Vatican City, Apr 24, 2020 / 11:00 am (CNA).- Cardinal Marc Ouellet, prefect of the Vatican’s Congregation for Bishops, said Friday that the Church needs more women involved directly in priestly formation in seminaries.
“I believe that for the priest, learning to relate to women in the context of formation is a humanizing factor which promotes the balance of man’s personality and affectivity,” Ouellet said in an interview in the May edition of the Donne Chiesa Mondo magazine also published on the Vatican News site April 24.
In the interview the Canadian cardinal said he believed that “the experience of collaborating with women on an equal level helps the candidate [for priesthood] to envisage his future ministry and how he will respect and collaborate with them.”
“If we do not start during formation, the priest risks to live his relationship with women in a clerical way,” he suggested.
Responding to questions on women in priestly formation, Ouellet said he thought the Church would benefit greatly from an increased presence of women on seminary formation teams, as theology, philosophy, and spirituality teachers, and “in particular in vocational discernment.”
“In this field we need the opinion of women, their intuition, their ability to grasp the human side of candidates, their degree of emotional or psychological maturity,” he stated.
Ouellet also said he thought women had a lot to contribute in seminaries’ human formation, an aspect which he argued is often underdeveloped.
“It is necessary to evaluate the degree of freedom of the candidates, their ability to be coherent, to establish their life plan, and also their psychosocial and psychosexual identity,” he said.
The cardinal added that women could also be of help in spiritual accompaniment but said he thought it was best for only priests to be spiritual directors to seminarians.
“It is not just a matter of promoting women, but of considering them as an integral part of all training,” he stated.
Asked why there is sometimes a “mutual ‘unease’” in relationships between priests and women, the cardinal said the problem likely went deeper than a lack of formation to the way “the woman is treated in families.”
Unease, he suggested, is based on fear, which he argued is more often present in men toward women.
“For a priest, for a seminarian, the woman represents danger!

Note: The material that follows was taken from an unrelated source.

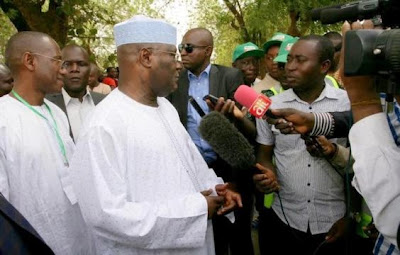 Shehu Shagari and Atiku Abubakar at their polling unit vote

While in reality, the true danger is men who do not have a balanced relationship with women,” he said, arguing that “this is what we must radically change.”
“For this reason, during training it is important that there is contact, comparison, exchanges” with women, according to Ouellet. “This helps the candidate to interact with women, in a natural way, and also to face the challenge that the presence of women represents, attraction towards women.”
“This must be taught and learned from the beginning, not isolating future priests who then find themselves brutally in reality; and then they can lose control,” he said.
Asked if he thought it was true that more women in seminary formation could have helped prevent some of the incidents of abuse in the Church, Cardinal Ouellet said, “there is certainly a part of truth in this.”
He noted that when interaction between men and women is absent “there is a risk of developing compensations…” which may be expressed in a bad relationship with food, “in the exercise of power, or in closed relationships, a closure that becomes manipulation, control .. and which can lead to abuse of conscience and sexual abuse.”
Donne Chiesa Mondo (Women Church World) is a monthly magazine published by Vatican newspaper L’Osservatore Romano. The interview with Ouellet is part of the May edition, to be published April 26. The interview was also made available in Italian and French on Vatican News April 24.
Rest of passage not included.